• _WHAT YOU ARE ASKED TO DO_
Each line below must be set down exactly; omit any image you find.

• _THE DATA_
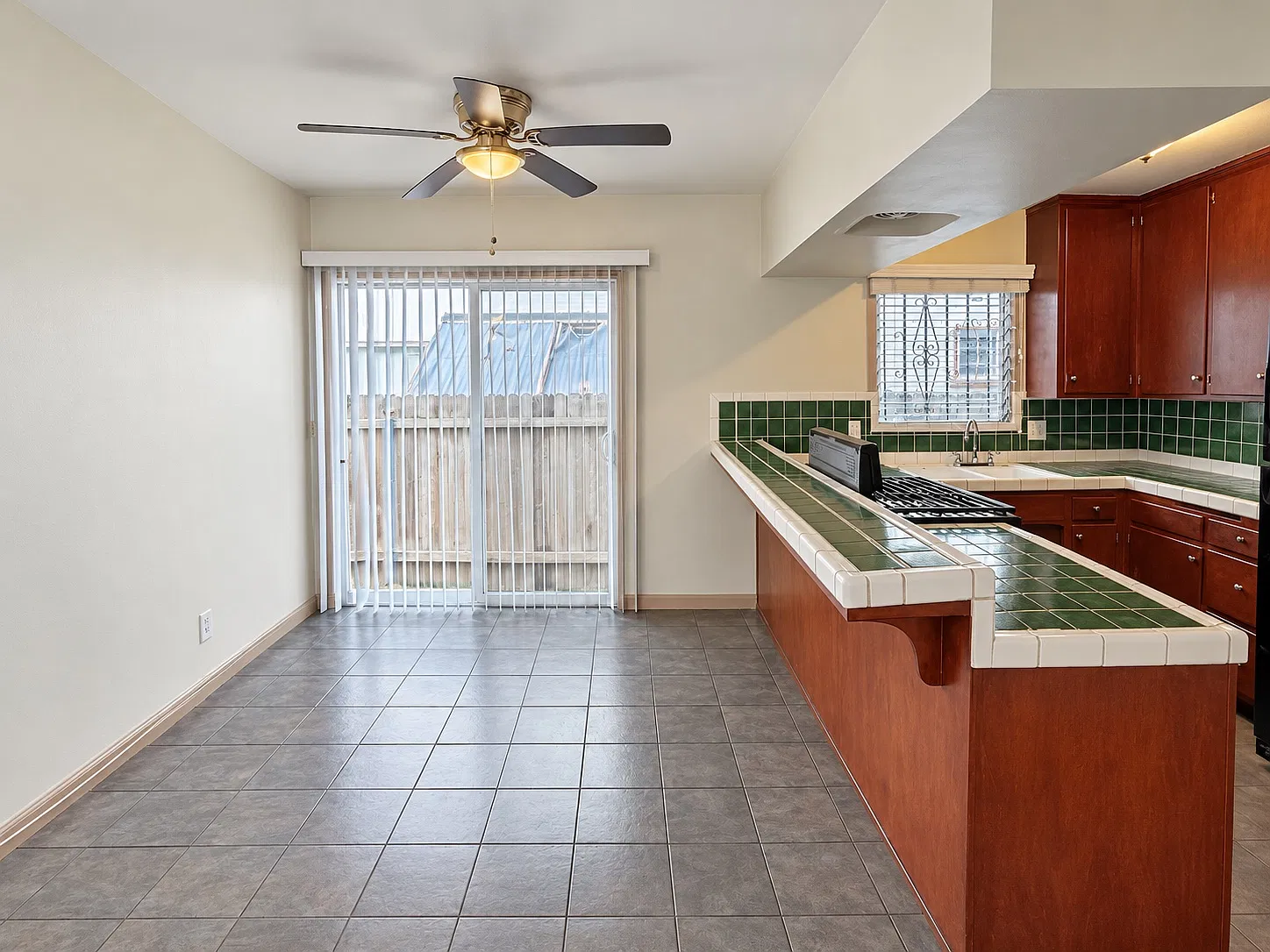 3 bed, 1058 sqft, $2,700 — Photo 4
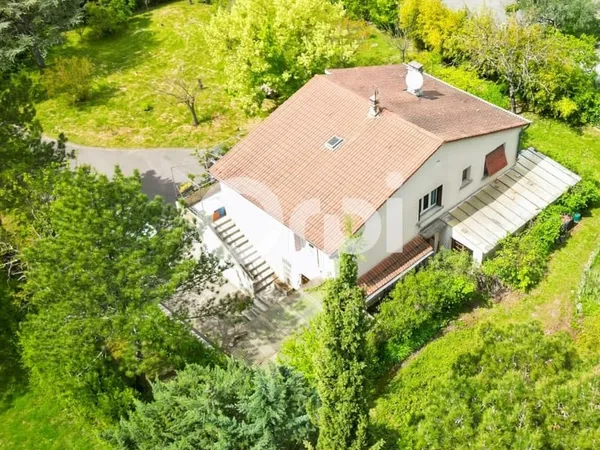 Maison avec 4 chambres et terrain de 4 247 m² à Ruoms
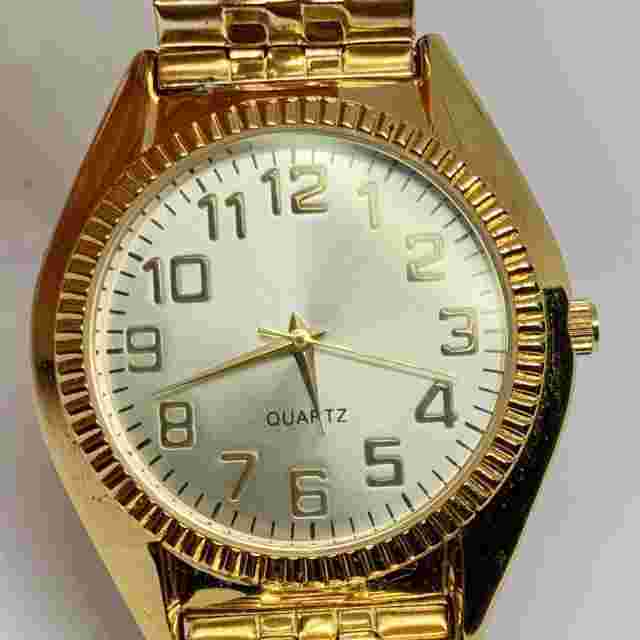 Vintage Puritan men’s gold tone quartz analog watch 37mm case size running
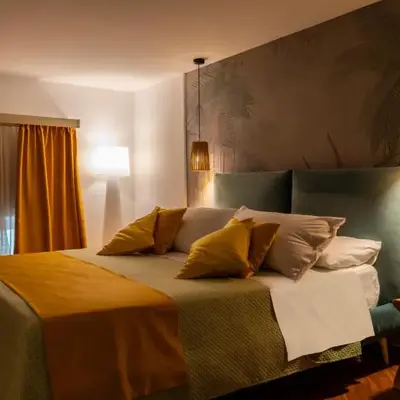 Two Rooms Chiaia 37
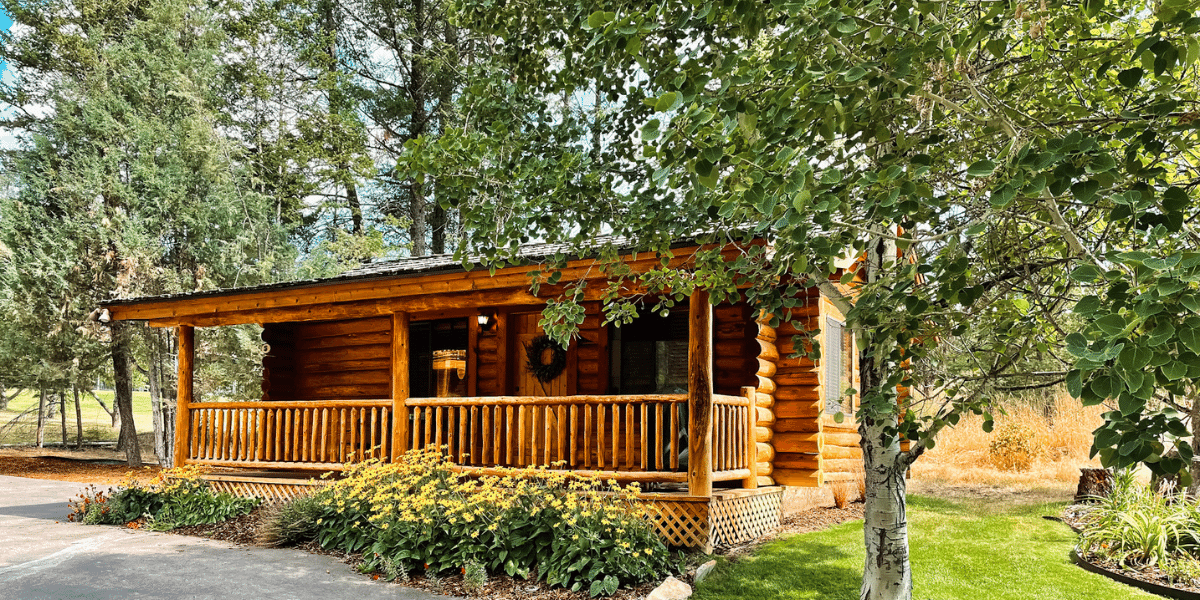 Flathead Lake Lodging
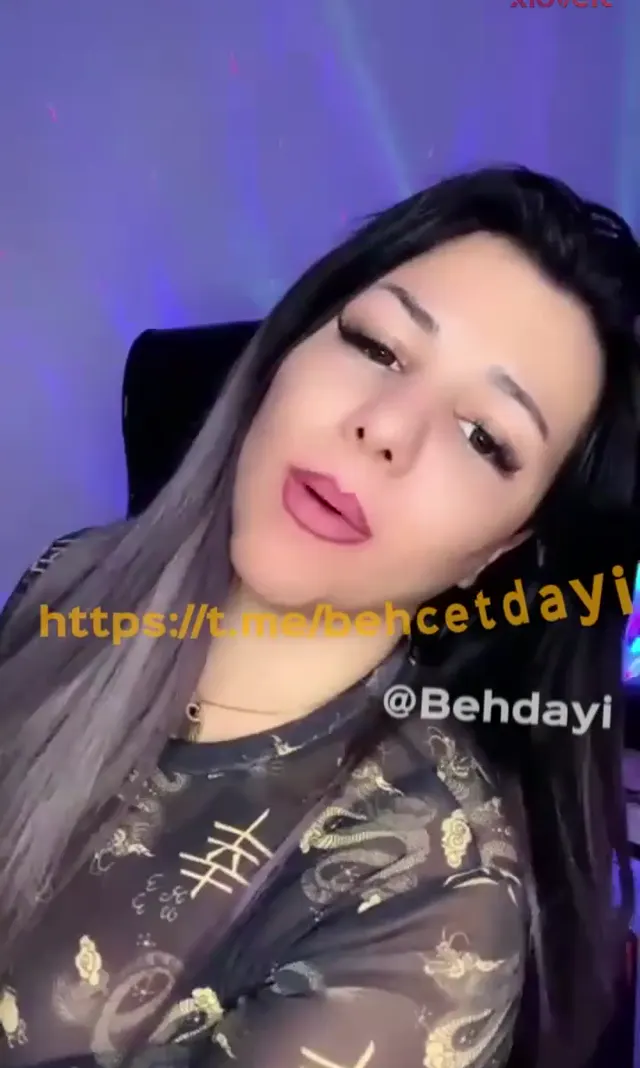 Beste Barkut ifşa Göğüs dekolteli canlı yayını — Beste Barkut — Canlı Yayınlar · sahne 3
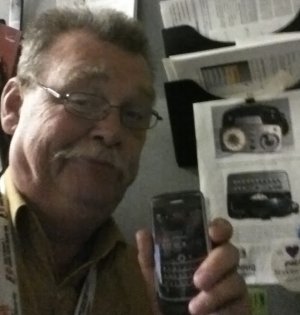 cardboardphone01.jpg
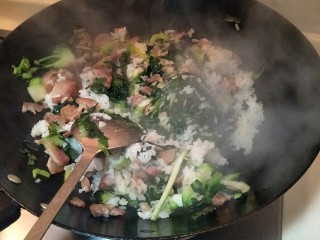 12、猪油腊肠菜饭,中大火煸炒两分钟，关火装盘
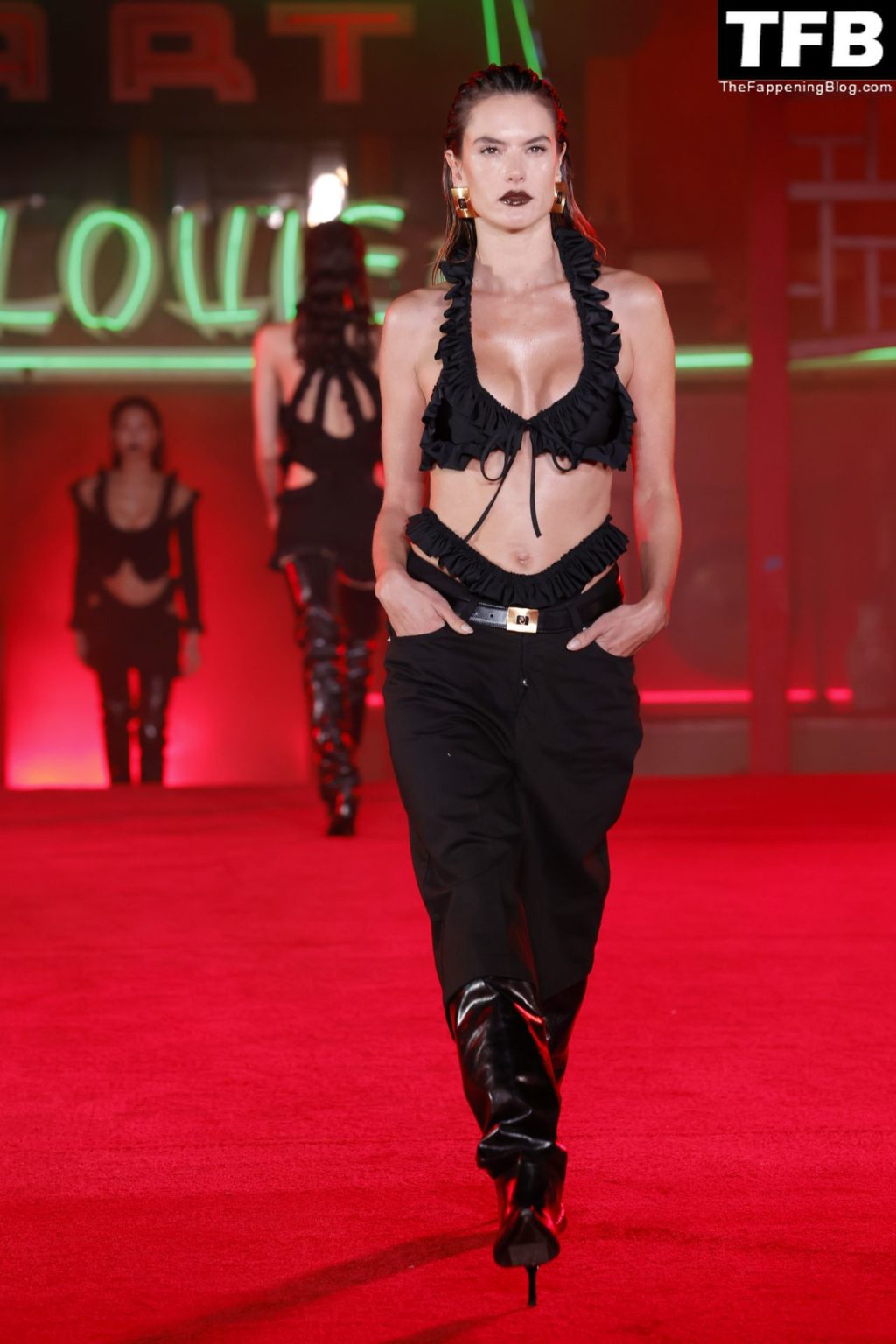 Alessandra Ambrosio Flaunts Her Sexy Tits During the “Fortune City” Runway Show (3 Photos + Video)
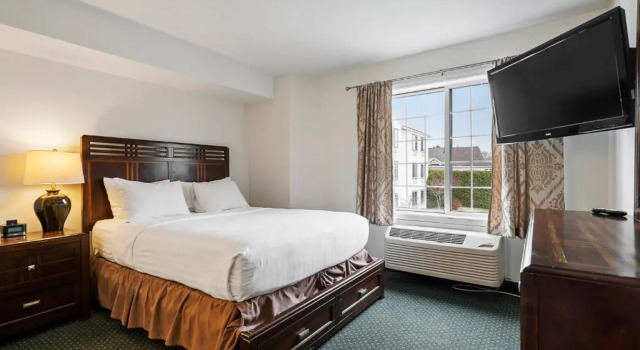 Двухместный номер Standard с видом на озеро Charlevoix Inn & Suites SureStay Collection by Best Western
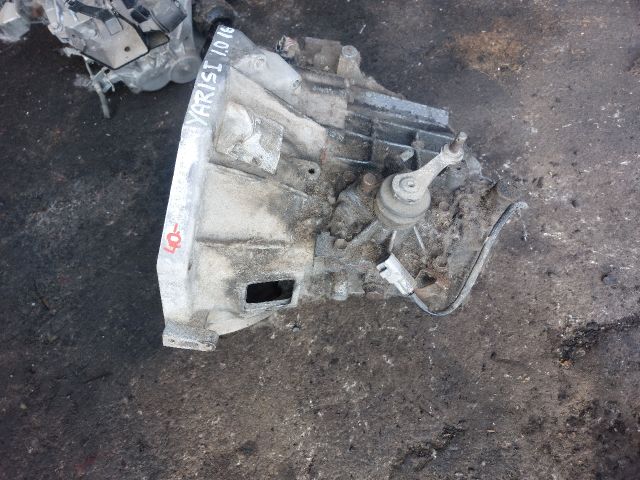 bontott TOYOTA YARIS Váltó (Mechanikus)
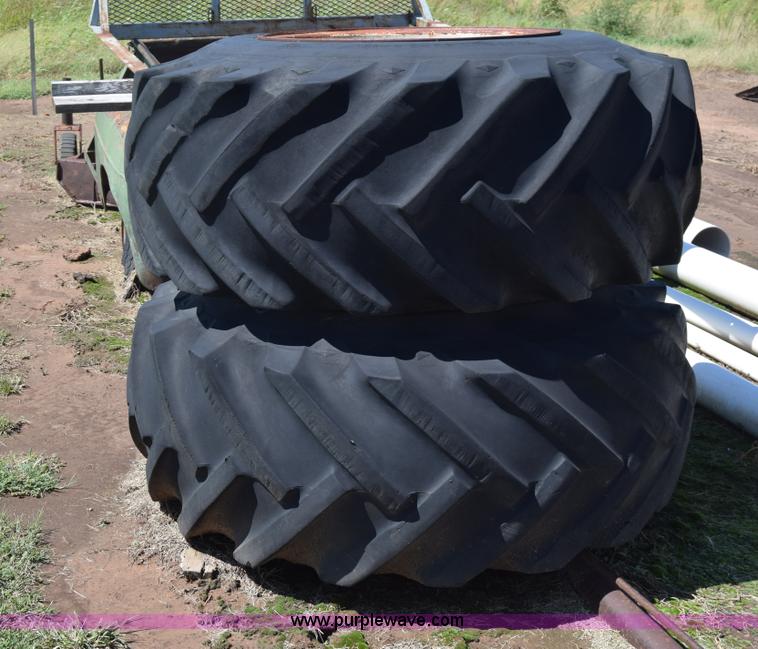 image for item L2600 Case 1030 tractor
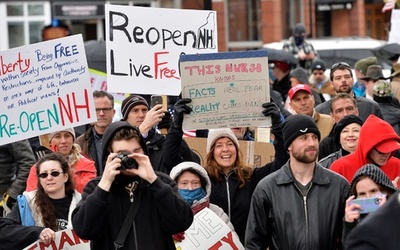 米各地でロックダウンへの抗議デモ、「対人距離の確保」守らず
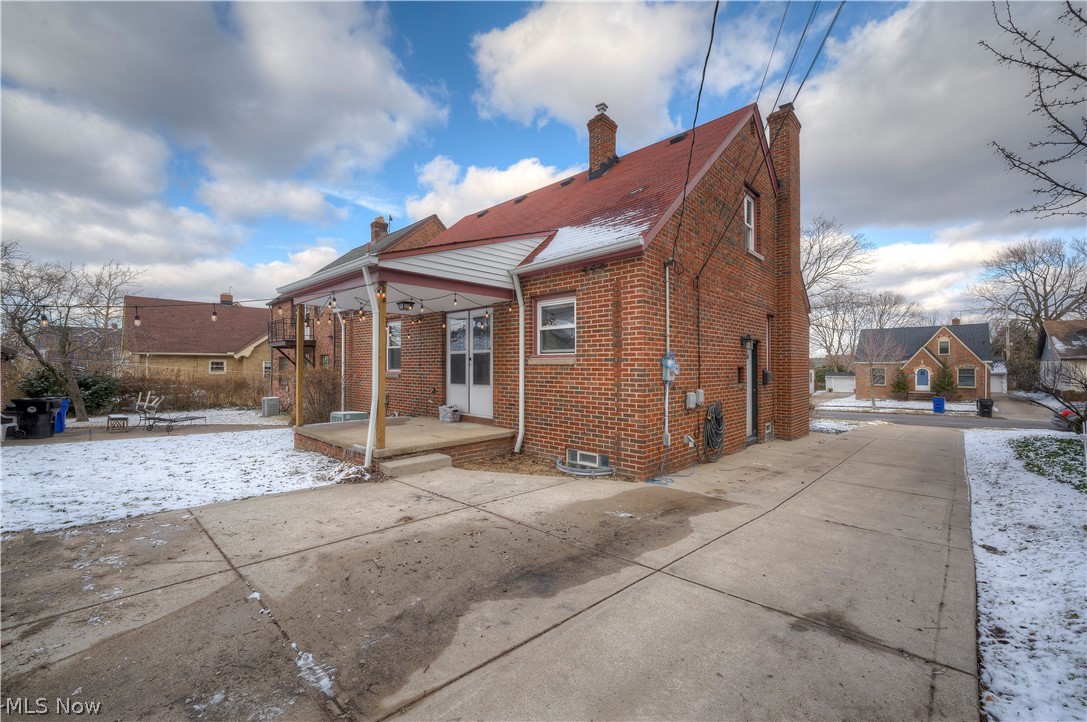 4682 Broadale Road Old Brooklyn, OH 44109 - Photo 5 of 26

• _RESPONSE AREA_
 3 bed, 1058 sqft, $2,700 — Photo 4
 Maison avec 4 chambres et terrain de 4 247 m² à Ruoms
 Vintage Puritan men’s gold tone quartz analog watch 37mm case size running
 Two Rooms Chiaia 37
 Flathead Lake Lodging
 Beste Barkut ifşa Göğüs dekolteli canlı yayını — Beste Barkut — Canlı Yayınlar · sahne 3
 cardboardphone01.jpg
 12、猪油腊肠菜饭,中大火煸炒两分钟，关火装盘
 Alessandra Ambrosio Flaunts Her Sexy Tits During the “Fortune City” Runway Show (3 Photos + Video)
 Двухместный номер Standard с видом на озеро Charlevoix Inn & Suites SureStay Collection by Best Western
 bontott TOYOTA YARIS Váltó (Mechanikus)
 image for item L2600 Case 1030 tractor
 米各地でロックダウンへの抗議デモ、「対人距離の確保」守らず
 4682 Broadale Road Old Brooklyn, OH 44109 - Photo 5 of 26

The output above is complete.